When you're a conservative and you find yourself stumbling over the inequality issue, who you gonna call? Alan Reynolds, senior fellow with the Cato Institute!
And so Reynolds is once again on the Wall Street Journal editorial page declaring that income inequality is a statistical illusion brought about by technical changes in the tax law that alter what income gets reported to the Internal Revenue Service and what income does not. "[W]hat the Congressional Budget Office presents as increased inequality from 2003 to 2007 was actually evidence that the top 1 percent of earners report more taxable income when tax rates are reduced on dividends, capital gains and businesses filing under the individual tax code." Um, Alan? The CBO report documented increased inequality from 1979 to 2007.
As the foregoing demonstrates, Reynolds's technique is to bury you under a mountain of hard-to-follow, often irrelevant, and sometimes entirely erroneous statistical quibbles to the point where you cry "Uncle!" and agree to believe that the existence or nonexistence of inequality is a matter of personal taste, like preferring Cherry Garcia to Chunky Monkey. Brad DeLong calls it "intellectual three-card monte."
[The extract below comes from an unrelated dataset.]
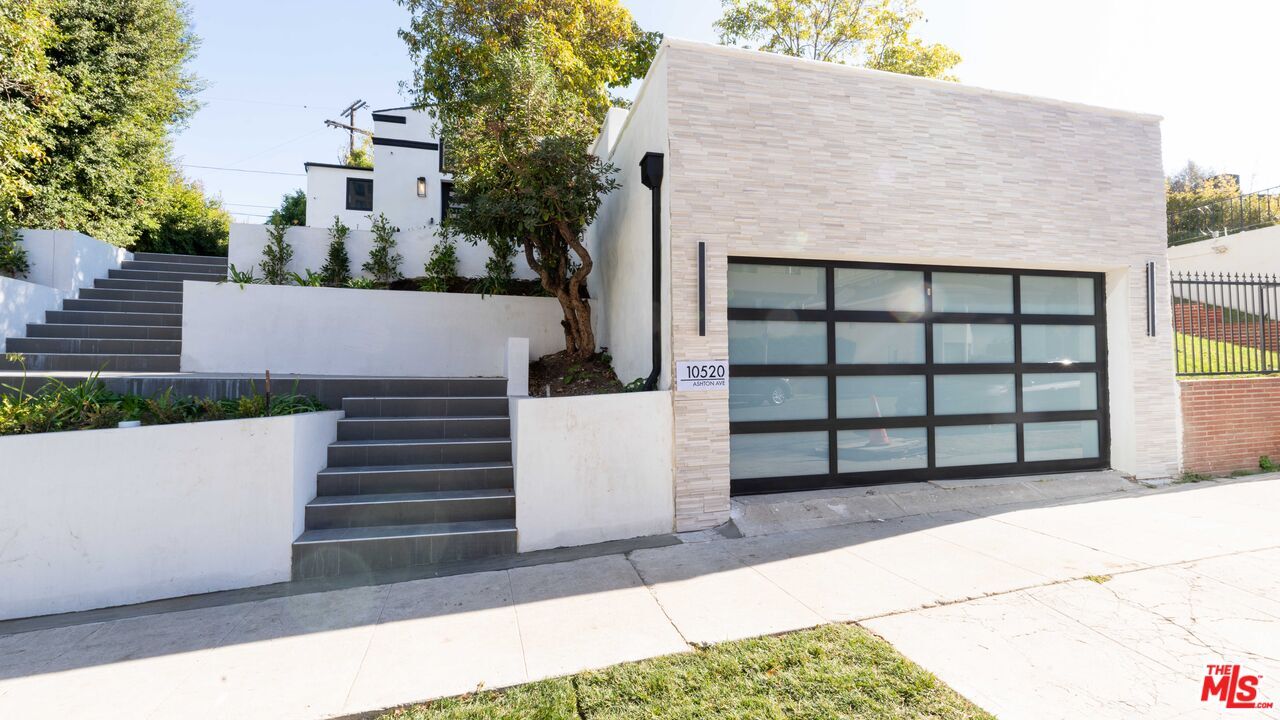 Property Photo:  10520 Ashton Ave  CA 90024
This latest piece ends with the triumphal assertion that the CBO report concluded that income taxes were more progressive in 2007 than in 1979. But Reynolds doesn't tell you that the CBO report also concluded that the totality of federal tax and benefit programs were about one-quarter less redistributive in 2007 than in 1979. He also doesn't tell you that the income tax got more progressive because of changes at the bottom (mainly expansion of the Earned Income Tax Credit), not because of changes at the top. At the top, effective tax rates went down. That was detailed in an earlier CBO document from 2008. It showed dramatic declines for top incomes between 1979 and 2005 in both the effective income tax rate and in the effective rate for all federal taxes. For the top 0.01 percentile (i.e., incomes above $10.6 million in 2005 if you include capital gains and above $6.7 million if you don't) the effective income tax rate dropped from 21 percent to 17 percent, and the effective rate for all federal taxes dropped from 42.9 percent to 31.5 percent. Changes in income-tax rates, surprisingly enough, haven't benefited the superrrich as much as other changes in federal tax policy.
A central problem with Reynolds' argument that a lay person may grasp without much difficulty is that even though the technical changes he describes have, during the past 32 years, gone in different directions at different times--for instance, the capital gains tax went up in 1986 and down in 1997--income share for the top 1 percent has pretty relentlessly gone up, falling only during economic downturns, and even then not very far. That's true if you include taxes or not, if you include capital gains or not, etc., etc. (You can slice and dice the data ad infinitum at my favorite Web page, the World Top Incomes Database.) To believe Reynolds's argument you have to believe that the rich are reporting steadily more and more previously-hidden income to the IRS. We should be so lucky!
My esteemed predecessor subspecialized in exposing conservative economic quackery, and I just discovered that he wrote a great piece about Reynolds back in 2007 ("Flat Earth Economics: Equality Bites.") Please read it before you subject yourself to Reynolds's Journal op-ed.